Omit all pictures and transcribe only the lines in the entries below that run from the line with "Batman Magický hrnek" through the line with "Brunel Holiday Park".

- Record excerpts:
—————
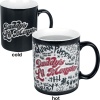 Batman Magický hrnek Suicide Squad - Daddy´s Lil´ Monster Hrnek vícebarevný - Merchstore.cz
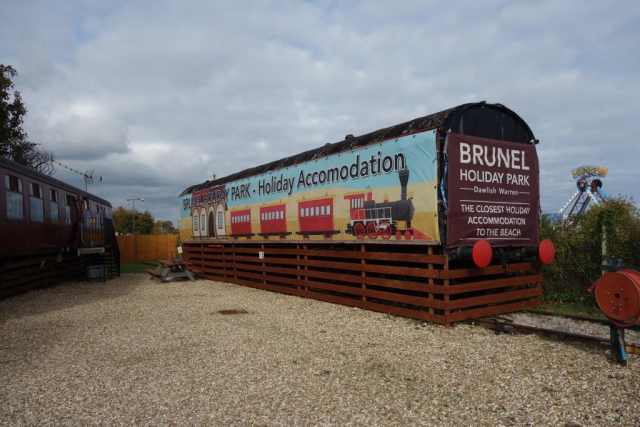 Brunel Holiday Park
—————
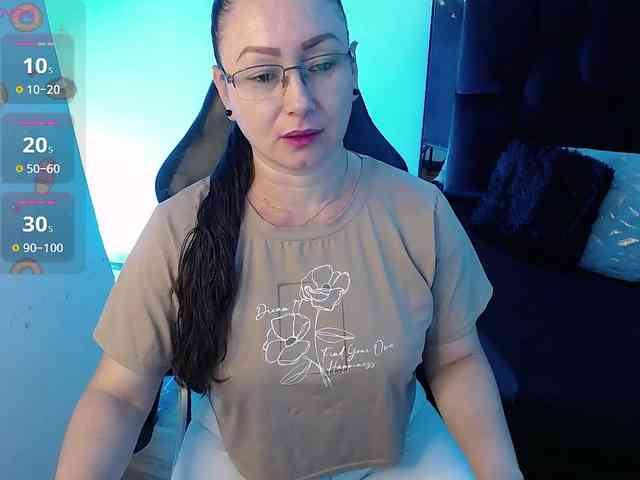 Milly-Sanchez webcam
—————
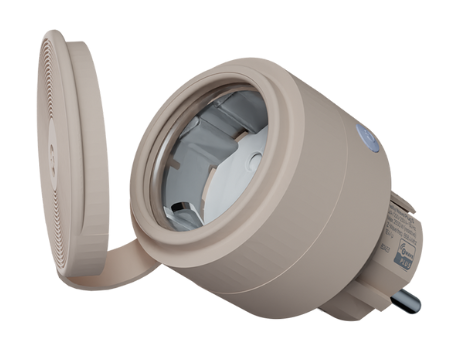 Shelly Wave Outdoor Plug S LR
—————
- Solved exercise:
 Batman Magický hrnek Suicide Squad - Daddy´s Lil´ Monster Hrnek vícebarevný - Merchstore.cz
 Brunel Holiday Park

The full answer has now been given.